He wanted a way to preserve Seward in 1975 for his children, grandchildren and great grandchildren, to remember what it was like.
The community was really excited.
They weren't really sure what this would mean.
He didn't have any concept of this being the biggest in the world.
He just wanted it to be big enough that it wouldn't get lost.
He spent most of his time just calling people, trying to find an expert in how to do this, and what it would take to make a concrete bunker strong enough to last.
(whimsical music) And all of the experts said if he had eight inches of concrete for the walls, that would be plenty.
So of course they made him 12in.
They talked about how much rebar was needed and Dad doubled that also.
The bunker is ten feet deep, 12ft deep, something like that.
And the lid of the bunker is actually below ground level.
Everything was done truly, truly, almost subterranean.
(whimsical music) -[Narrator] The capsule included clothing, pop, letters from the community, a motorcycle and one yellow Chevy Vega.
(whimsical music) -[Trish] A lot of the people thought, here goes Davisson again.
In terms of building a time capsule in 1953.
He had taken the Seward High School basketball team by bus to Seward, Alaska, to play basketball.
So he had done a lot of unusual things in his life.
And this was just going to be added to the list.
(whimsical music) My dad started out in this (whimsical music) era of poverty.
He was born in 1907, in Seward.
When my dad was a child and he knew that there wasn't enough money for food, he would scrounge alleys for things he could sell.
He was always looking not for the money.
Wasn't the money.
It was what the money could do (whimsical music) that made the difference for him.
Because he was.
He was always investing in the next big idea, whether it was building the bowling alley, whether it was building the apartment building.
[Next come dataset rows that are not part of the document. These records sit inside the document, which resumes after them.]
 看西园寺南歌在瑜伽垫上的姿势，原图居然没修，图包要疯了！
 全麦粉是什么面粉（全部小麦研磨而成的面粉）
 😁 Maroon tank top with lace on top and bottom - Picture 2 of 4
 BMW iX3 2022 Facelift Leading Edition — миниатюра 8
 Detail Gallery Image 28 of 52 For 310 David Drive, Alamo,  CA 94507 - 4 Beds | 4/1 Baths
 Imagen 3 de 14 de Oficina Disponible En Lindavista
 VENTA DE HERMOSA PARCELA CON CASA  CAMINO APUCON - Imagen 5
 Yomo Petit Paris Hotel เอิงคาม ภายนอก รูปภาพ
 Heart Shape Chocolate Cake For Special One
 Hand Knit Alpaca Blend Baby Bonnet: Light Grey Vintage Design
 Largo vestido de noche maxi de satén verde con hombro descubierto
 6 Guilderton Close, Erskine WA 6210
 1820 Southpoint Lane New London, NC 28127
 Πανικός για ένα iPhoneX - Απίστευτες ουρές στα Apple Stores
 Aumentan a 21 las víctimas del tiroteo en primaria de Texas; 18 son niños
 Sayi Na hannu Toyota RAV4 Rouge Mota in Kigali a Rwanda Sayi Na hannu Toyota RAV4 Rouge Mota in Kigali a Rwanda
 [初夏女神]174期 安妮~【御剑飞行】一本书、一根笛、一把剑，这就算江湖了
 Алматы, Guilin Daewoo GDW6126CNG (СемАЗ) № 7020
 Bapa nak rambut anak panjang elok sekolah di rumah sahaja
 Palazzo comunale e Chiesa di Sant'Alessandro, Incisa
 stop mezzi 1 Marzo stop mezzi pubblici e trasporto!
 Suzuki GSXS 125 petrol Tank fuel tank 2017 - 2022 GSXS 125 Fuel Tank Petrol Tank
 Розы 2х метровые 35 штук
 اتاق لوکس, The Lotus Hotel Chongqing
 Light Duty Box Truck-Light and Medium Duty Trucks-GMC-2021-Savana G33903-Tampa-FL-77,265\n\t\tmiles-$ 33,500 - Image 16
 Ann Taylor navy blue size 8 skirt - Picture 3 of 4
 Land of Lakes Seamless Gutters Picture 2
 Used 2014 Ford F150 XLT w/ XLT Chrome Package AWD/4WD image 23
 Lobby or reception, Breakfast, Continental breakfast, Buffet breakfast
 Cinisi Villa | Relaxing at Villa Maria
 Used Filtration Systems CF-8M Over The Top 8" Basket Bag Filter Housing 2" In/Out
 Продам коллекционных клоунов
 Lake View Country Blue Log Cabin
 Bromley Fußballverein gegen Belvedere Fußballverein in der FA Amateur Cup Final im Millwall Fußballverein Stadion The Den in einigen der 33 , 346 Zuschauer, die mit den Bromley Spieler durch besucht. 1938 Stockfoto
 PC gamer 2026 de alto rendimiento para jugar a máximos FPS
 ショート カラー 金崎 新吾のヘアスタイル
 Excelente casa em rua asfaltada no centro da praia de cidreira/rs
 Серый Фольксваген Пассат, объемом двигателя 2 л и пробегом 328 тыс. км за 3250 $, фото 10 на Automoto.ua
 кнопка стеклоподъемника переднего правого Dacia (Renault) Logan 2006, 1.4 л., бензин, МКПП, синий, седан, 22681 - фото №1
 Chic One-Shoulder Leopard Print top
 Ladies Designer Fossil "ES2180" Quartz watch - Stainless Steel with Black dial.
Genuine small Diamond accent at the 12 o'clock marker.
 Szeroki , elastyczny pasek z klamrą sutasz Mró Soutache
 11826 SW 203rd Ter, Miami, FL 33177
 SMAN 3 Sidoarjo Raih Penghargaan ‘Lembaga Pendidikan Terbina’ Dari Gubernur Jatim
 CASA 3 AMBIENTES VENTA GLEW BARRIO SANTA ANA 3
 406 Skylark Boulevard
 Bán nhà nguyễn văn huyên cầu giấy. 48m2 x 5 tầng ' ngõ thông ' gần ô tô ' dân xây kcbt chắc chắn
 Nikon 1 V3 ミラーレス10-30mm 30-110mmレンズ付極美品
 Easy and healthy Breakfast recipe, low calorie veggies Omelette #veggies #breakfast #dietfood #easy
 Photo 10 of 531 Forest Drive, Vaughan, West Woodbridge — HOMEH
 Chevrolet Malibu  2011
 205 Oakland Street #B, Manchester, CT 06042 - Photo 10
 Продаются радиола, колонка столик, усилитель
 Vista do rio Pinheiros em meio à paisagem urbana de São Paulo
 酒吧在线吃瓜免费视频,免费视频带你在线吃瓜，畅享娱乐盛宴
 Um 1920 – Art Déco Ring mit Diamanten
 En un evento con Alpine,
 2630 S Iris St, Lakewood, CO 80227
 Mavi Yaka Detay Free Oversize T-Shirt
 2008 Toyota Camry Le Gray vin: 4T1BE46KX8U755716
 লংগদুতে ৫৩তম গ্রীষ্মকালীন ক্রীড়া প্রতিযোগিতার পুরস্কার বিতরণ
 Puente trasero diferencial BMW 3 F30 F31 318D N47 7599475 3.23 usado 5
He had a Harrold Davisson farm supply, which became House of Davisson.
(whimsical music) -[Amy] The House of Davisson was an institution in Seward.
When I graduated from high school in 1972, when my parents went up to the house of Davisson to buy me a lane Cedar hope chest.
That I still have, actually.
So House of Davisson, absolutely an institution.
Part of everyone's life.
(whimsical music) -[Trish] My dad loved being born in a small town.
My dad loved being born specifically, in Seward.
He wanted to do what he could to further the town.
And he always said, in 50 years, people are not going to remember Budd Davisson.
They're going to remember Seward as the home of the world's largest time capsule.
(whimsical music) -[Narrator] As the nation geared up to celebrate the bicentennial signing of the Declaration of Independence.
The underground tomb was sealed on July 4th, 1975.
Davisson's grand vision was cemented in history.
(whimsical music) Before long, the tomb would be added on to in a race for the world's largest.
(whimsical music) -[Trish] After two years in the Guinness Book of Records, Oglethorpe University stepped up and said, we have a crypt of Civilization as a time capsule and it is bigger than that.
And I know that was in his head when he added the pyramid, that it again made bigger without a question.
(whimsical music) I think that dad wanted the largest time capsule in the world, because it would become a part of Seward's legacy.
Seward's lore.
And I think 50 years sounded so improbable that it would be there forever.
(whimsical music) It's a full time job that I really didn't mind until about two years ago, when I started thinking about how to open this and what it would involve.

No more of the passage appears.